-- Data shown --
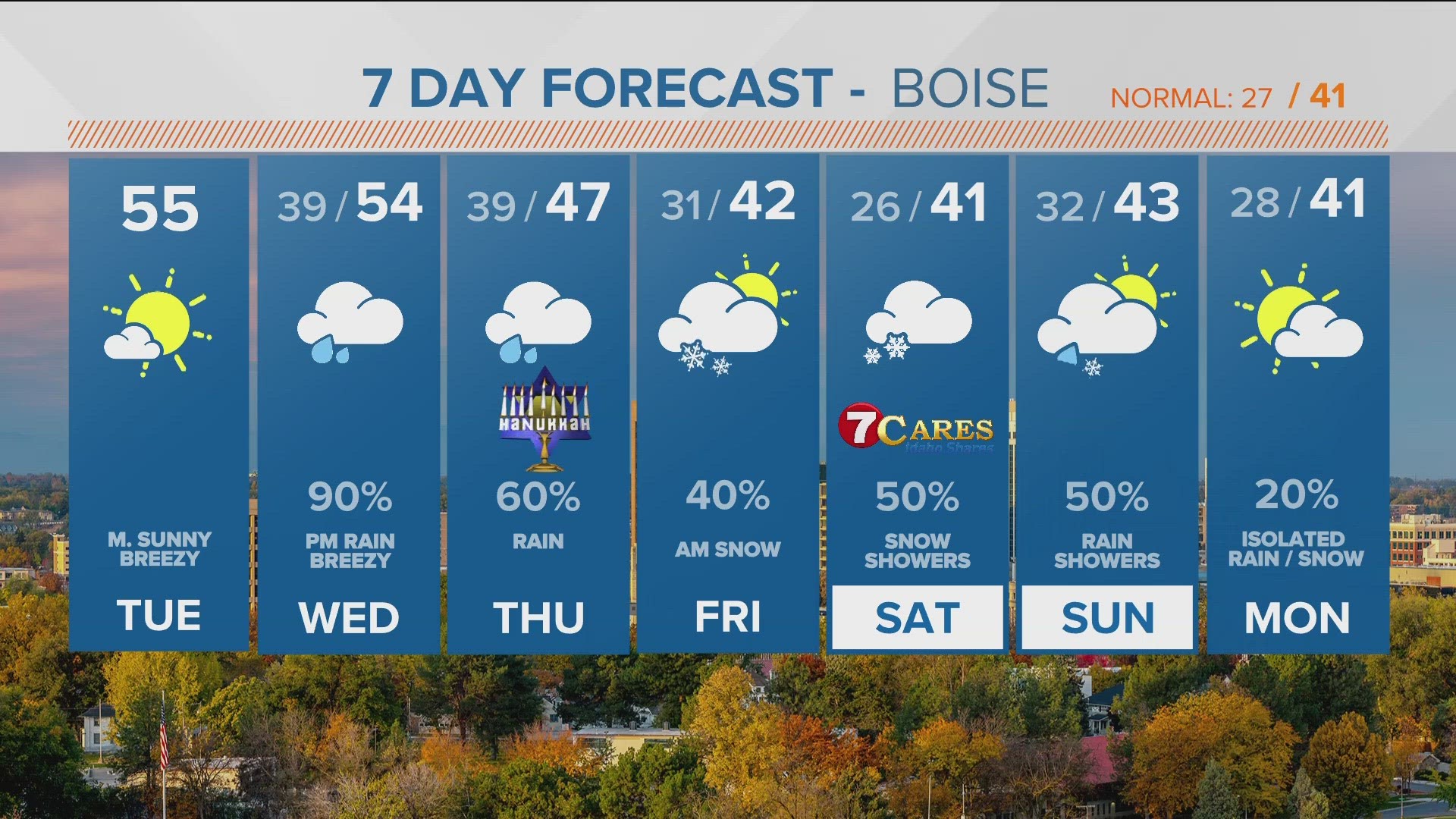 Mild weather Tuesday ahead of more wet weather mid-week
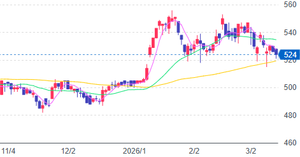 日産東京販売ホールディングス(株)【8291】 ダルトンの処分の動きが加速するかもしれないので 判断が本当に難しいところですよね 私も2万株集めようかと思いましたが、結局半分の1万株だけにしました 名車の写真が載ったクオカード？が貰えるそうですね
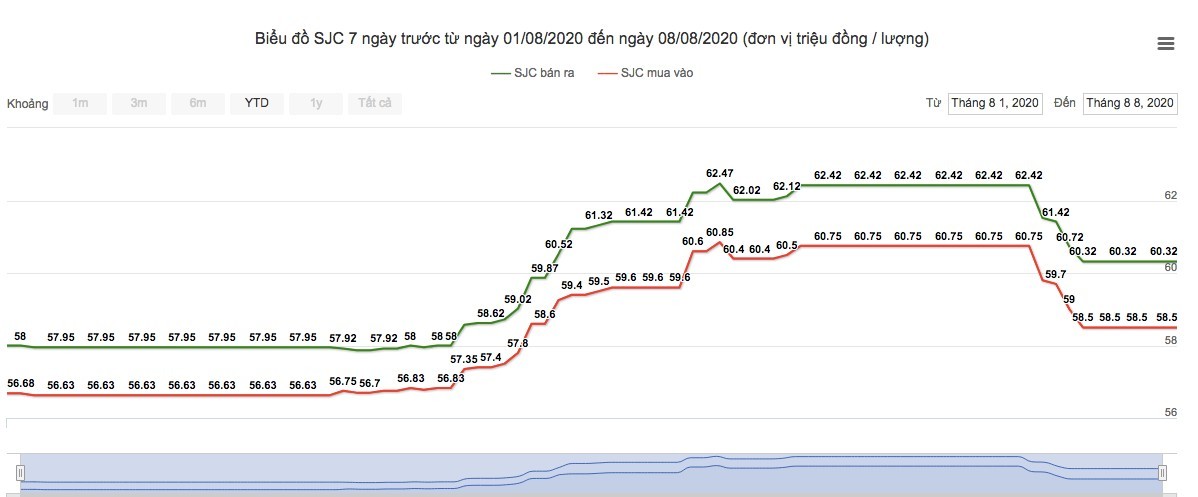 Giá vàng tuần qua
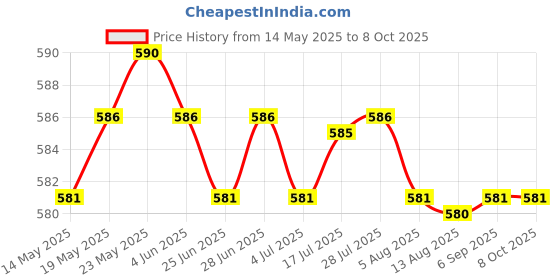 amazon.in CALANDIS™ 1/4" Tripod Monopod Adapter + Bolt Nut Screw for 1 2 3 4 5 SJ | Other Camera & Photo Accs | Camera & Photo Accessories Price History Graph from 14 May 2025 to 8 Oct 2025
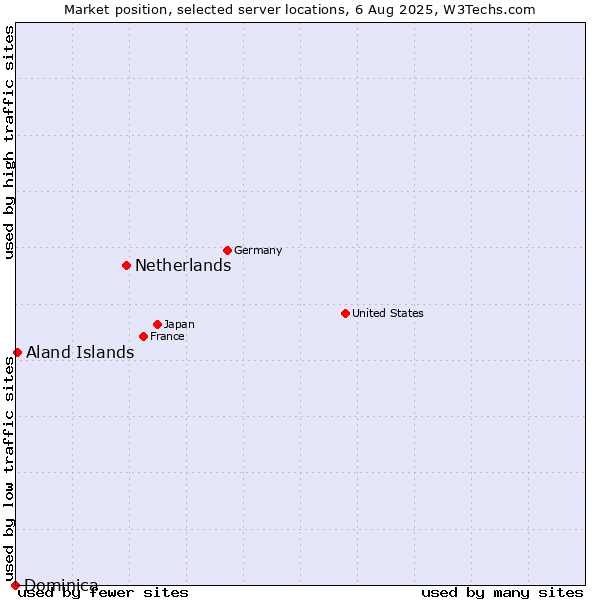 Market position of Netherlands and territories vs. Aland Islands vs. Dominica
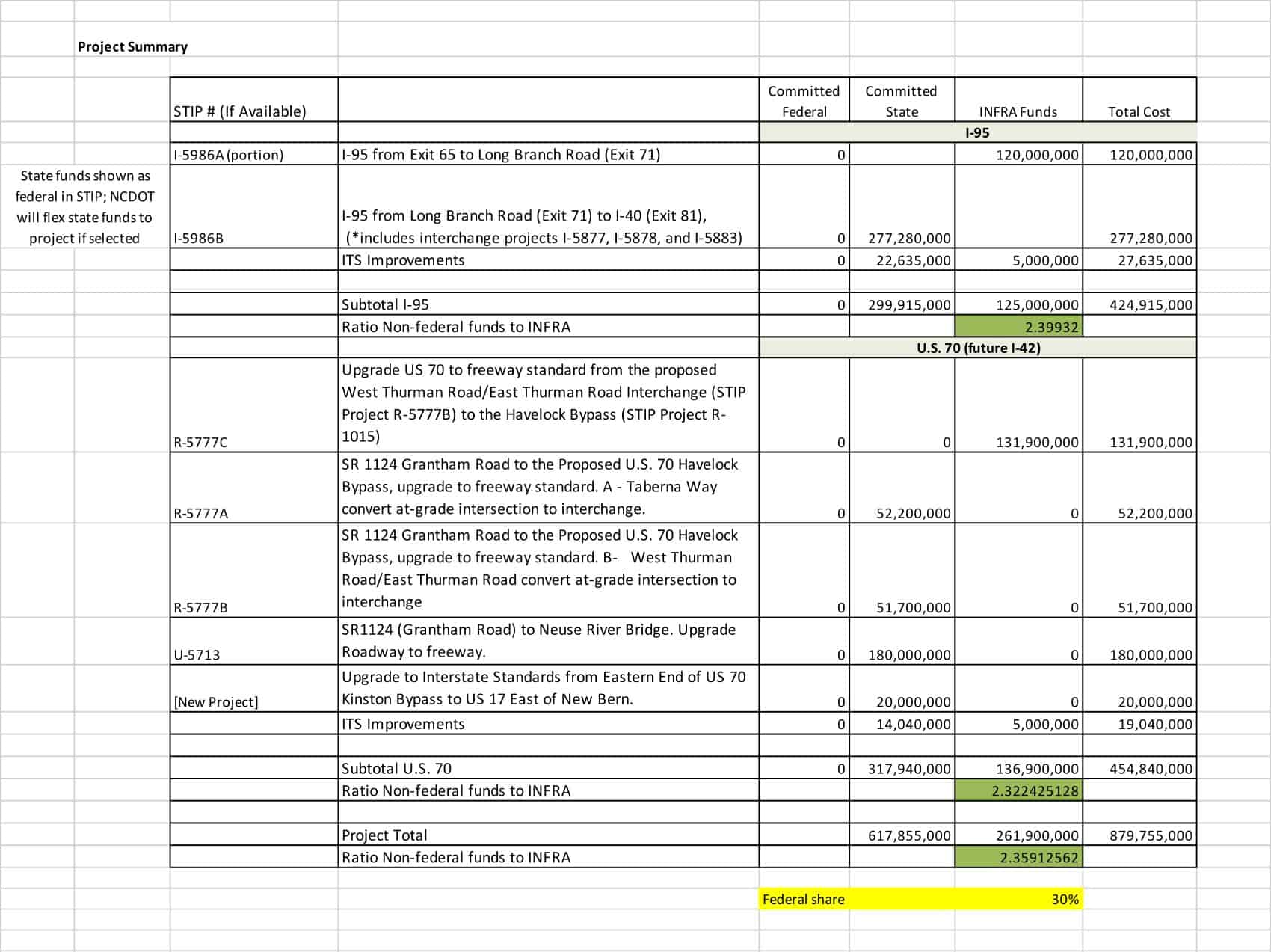 project summary project summary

-- Task item --
Would you transcribe all of the data exactly, omitting any pictures?

-- Result of the task --
 Mild weather Tuesday ahead of more wet weather mid-week
 日産東京販売ホールディングス(株)【8291】 ダルトンの処分の動きが加速するかもしれないので 判断が本当に難しいところですよね 私も2万株集めようかと思いましたが、結局半分の1万株だけにしました 名車の写真が載ったクオカード？が貰えるそうですね
 Giá vàng tuần qua
 amazon.in CALANDIS™ 1/4" Tripod Monopod Adapter + Bolt Nut Screw for 1 2 3 4 5 SJ | Other Camera & Photo Accs | Camera & Photo Accessories Price History Graph from 14 May 2025 to 8 Oct 2025
 Market position of Netherlands and territories vs. Aland Islands vs. Dominica
 project summary project summary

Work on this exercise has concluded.